Мо отступает на шаг от машин. Лампы дневного света превращают ее лицо в белую маску.
– Зачем ты мне это показываешь?
– Схемы в следующей комнате.
Я иду за ней в коридор и беру под локоть, направляя к третьей камере – той, где начинается настоящий Каталог. Обычная комната, набитая картотечными ящиками, похожими на шкафчики в кабинете какого-нибудь архитектора, – широкие, неглубокие, приспособленные для хранения больших, плоских чертежей. Я выдвигаю ближайший ящик и показываю Мо его содержимое.
– Смотри. Видела что-то похожее?
Это очень тонкий пергамент, на котором синюшными чернилами выписано нечто среднее между пентаграммой, мандалой и электросхемой. В левом нижнем углу – аккуратная табличка, в которой инженерным почерком указано содержание чертежа. Если бы я не знал, для чего это все предназначалось, я бы сказал, что выглядит красиво. Я очень стараюсь не прикасаться к пергаменту.
– Это… да, – говорит она, а потом проводит пальцем по одной из кривых в дюйме над поверхностью чертежа. – Нет, не такой. Но похожий.
– Тут их еще несколько тысяч, – говорю я, пристально глядя ей в лицо. – Давай попробуем найти тот, который ты видела на стене дома?
Мо неохотно кивает.
– Мы не обязаны заниматься этим сию минуту, – признаюсь я. – Если хочешь выдохнуть, наверху есть кафе, можем сперва выпить там чашку кофе…
– Нет, – резко говорит она и добавляет после паузы: – Давай просто сделаем, и всё. – Она оглядывается и вздрагивает. – Не хочу оставаться тут дольше, чем нужно.
Примерно два часа спустя, когда Мо уже дошла до половины содержимого ящика номер пятьдесят два, просыпается мой пейджер. Сначала я в панике хватаюсь за пояс джинсов, но потом вытаскиваю чертову машинку. Мне написал один из новостных фильтров, которые я оставил на сервере дома: он нашел что-то интересное в бесконечном сетевом потоке. На экране мигают «УБИЙСТВО В РОТТЕРДАМЕ» и кодовый номер.
– Мне нужно наверх, – сообщаю я. – Ты тут побудешь сама минут двадцать?

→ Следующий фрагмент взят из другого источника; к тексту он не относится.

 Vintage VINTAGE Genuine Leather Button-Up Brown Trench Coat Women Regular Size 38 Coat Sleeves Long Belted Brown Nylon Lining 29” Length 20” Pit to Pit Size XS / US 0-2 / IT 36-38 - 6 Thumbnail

Мо смотрит на меня запавшими глазами.
– Я, пожалуй, приму твое предложение насчет кофе, ладно?
– Конечно. Пока ничего?
– Ничего. – Она зевает, спохватывается и мотает головой. – Не могу сконцентрироваться. О боже, кофе. Я себе представить не могла, что может быть одновременно так страшно и скучно, хоть из кожи вон лезь.
Я удерживаюсь от того, чтобы обратить ее внимание на нечаянный каламбур, но отмечаю, сколько она успела просмотреть, – такими темпами мы можем проторчать тут еще неделю, если вдруг не повезет, – и закрываю ящик.
– Ладно. Перерыв.
Кофейня наверху приткнулась к сувенирной лавке музея. Беленые стены, аккуратные столики, рядом с кассой – стойка с печеньем и сладостями. Очень gezellig
[1]. К стене привалились несколько старых компьютеров с доступом в интернет для тех одержимых, которые не могут преодолеть свое пристрастие ради высокого искусства. Я усаживаюсь за один из них и начинаю скучный процесс входа на один из серверов Прачечной через три брандмауэра, два пароля, зашифрованный тоннель и проверку секретного ключа. В конце концов я вхожу на не совсем защищенную машину – Прачечная не подключает секретные сервера к общей сети ни под каким предлогом, – на которой запущен мой новостной фильтр. Он, в конце концов, ловит рыбку на мелководье у «Рейтер» и «Юнайтед Пресс», а не в морской бездне государственных тайн.